Name: Deflategate.
Age: Almost a week old.
Appearance: Soft and squishy.
You’re going to have to help me out here. OK. Remember Nipplegate from 2004? When Janet Jackson’s wardrobe malfunction led to the frothing indignation of a million outraged regulators? Well, that was a Super Bowl controversy about boobs. Deflategate is a Super Bowl controversy about balls.
So what’s the story? Power, corruption – and air pressure. Specifically: did the New England Patriots, during a big NFL game last week, deflate their footballs to below the minimum requirement, in order to enable their quarterback to throw more touchdowns. Basically: did they cheat?
Well, did they? We don’t know, your honour. The NFL, which isn’t usually slow to judgment on issues of morality, has remained uncharacteristically silent, although sources say an as-yet-unreleased investigation found that 11 of the 12 balls were deflated. The Patriots head coach, Bill Belichick, insists he didn’t know about it. Tom Brady, the quarterback, is also pleading ignorance.
Ooh, Tom Brady. I’ve heard of him. Yeah, he’s got it all going on – the sporting prowess, the supermodel wife, the chiselled jaw, the propensity for temper tantrums. He’s simply all-American.
Give me more detail! Last weekend, in the AFC Championship game – kind of like the FA Cup semi-final, when the FA Cup was #relevant – the Patriots thrashed the Indianapolis Colts 45-7. They blew them out, as they say in the parlance. Brady, who threw for three touchdowns, played like a boss, as they also say. It was kind of a dud game, and the weather was filthy, and we all went home thinking that was the end of that. Not so.
So who did the alleged crime? No one knows. It’s all very murky. The balls must pass inspection by the referee, and there’s an accepted pressure the balls are obliged to maintain. (At least 12.5 pounds per square inch, and no more than 13.5psi. They remain resolutely un-metric in the US.) The ref is the sole judge of the the footballs, but the Patriots, as the home team, were responsible for having someone handle the balls on the touchline. However, unless the NFL can find that someone on the Patriots staff specifically ordered the balls be deflated, it’s probably going to be difficult to make it stick.

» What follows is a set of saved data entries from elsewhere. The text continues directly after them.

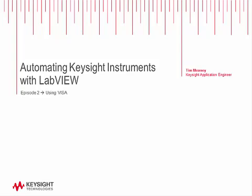Hello, my name is Tim Meaney and I'm a Keysight application engineer. Welcome to this next video in our series on automating Keysight instruments with LabVIEW. Today we're going to take a look at using the VISA library directly in LabVIEW without a driver.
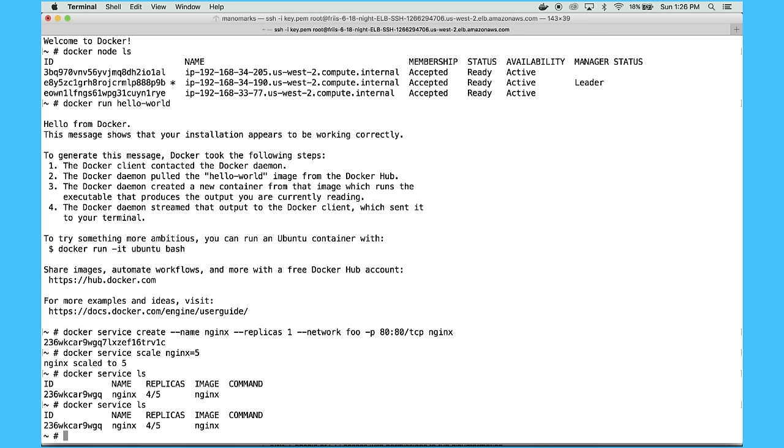That's all for this short demo. Go sign up for Docker for AWS at beta.docker.com. And let us know what you think about it. Thanks.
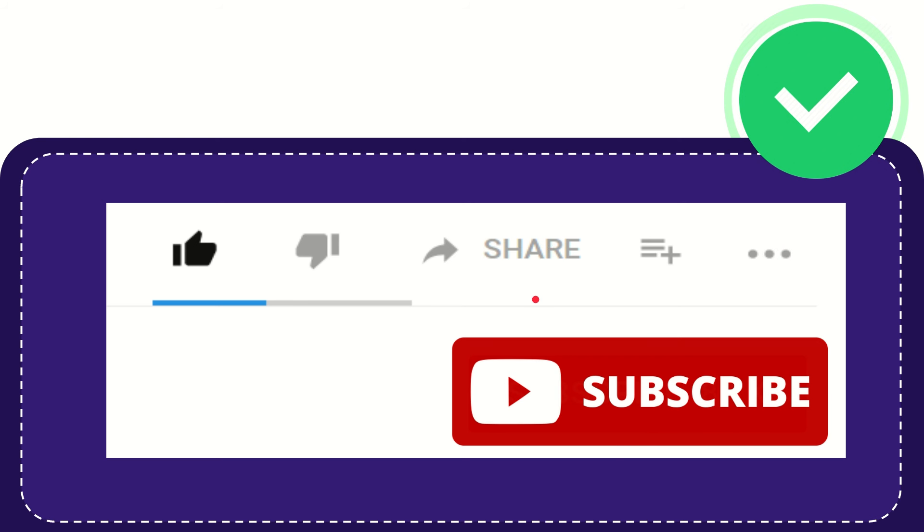Thank you so much for watching this video and see you again in another video. Bye bye. See you again.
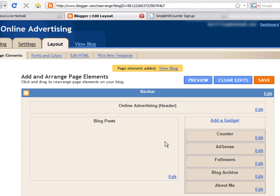Now, click on the View Blog link. You will see your new hit counter on your page.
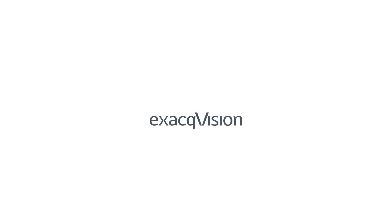exacqVision 7.0 adds features that give you faster and better control of your security environment. Visit exacq.com to explore and download the new version.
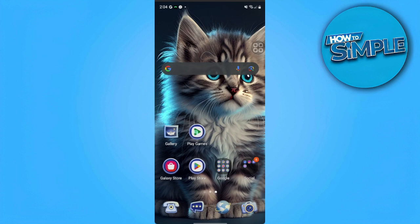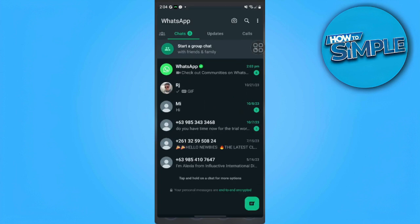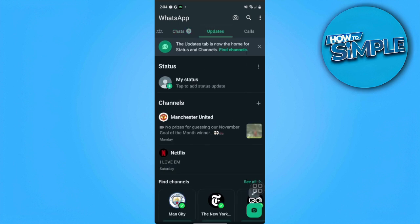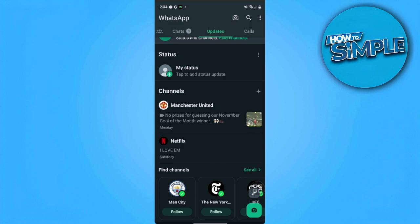First, we want to open our WhatsApp application. This will be the home page where you will see all of your chats. What we want to do now is go to the Updates section. From here you will see your status and all of the channels that you have followed.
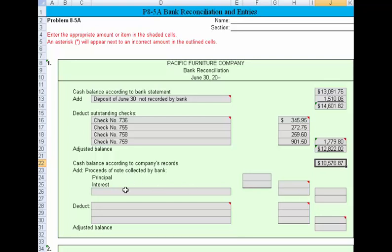We need to consider what proceeds were taken care of by the bank. What does the bank know about that we don't yet have recorded in our books? If we look at the notes, it talks about that the bank took care of a principal payment for us.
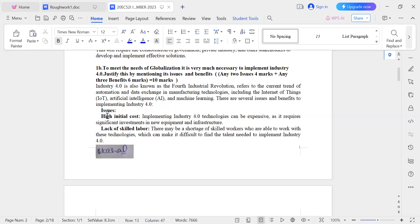This includes installing smart sensors and upgrading communication networks. These changes result in significant financial cost, making infrastructure upgrade a notable challenge.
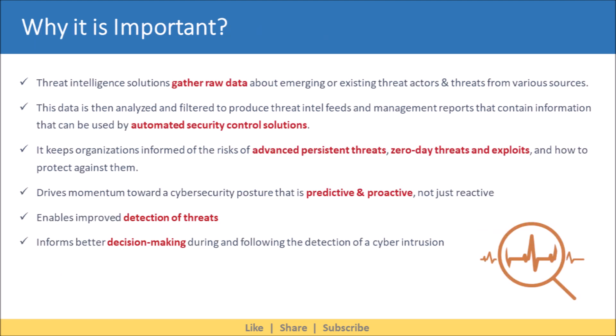Let's discuss why threat intelligence is important. Threat intelligence solutions gather raw data about emerging or existing threat actors and threats from a number of sources. This data is then analyzed and filtered to produce threat intel feeds and management reports that contain information that can be used by automated security control solutions. It keeps organizations informed of the risks of advanced persistent threats, zero-day threats and exploits, and how to protect against them. It drives momentum toward a cyber security posture that is predictive and proactive, not just reactive. It helps enable improved detection of threats and better decision making during and following the detection of a cyber intrusion.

A bit like the Colts wide receivers, eh?! Wahay!!
But why do the teams supply their own footballs? Surely that should be the job of the match officials and the NFL? Well, they used to. But Brady and Peyton Manning were instrumental in getting the rules changed in 2006. They reasoned that since they work on so many plays during the week, and are used to the balls being just so, they should be allowed to bring their own on match day. The NFL agreed.
So what happens now? We keep talking about it! The Super Bowl’s only a week away, in Glendale, Arizona – the Patriots play the Seattle Seahawks – and it’s in precisely no one’s interest, least of all the NFL’s, to stop the chatter, regardless of how minor an issue it might seem. Football abhors a vacuum, and a week is a long time in sports. By Sunday, America might have started talking about something that matters.
Quite. How about punishments? Difficult to say. Roger Goodell, the league’s fabulously unpopular commissioner, generally rules with an iron rod, particularly when it comes to the league’s “personal conduct” code. He could order the game replayed, or strip the Patriots of future draft picks – but he probably won’t. If anything, a fine seems most likely.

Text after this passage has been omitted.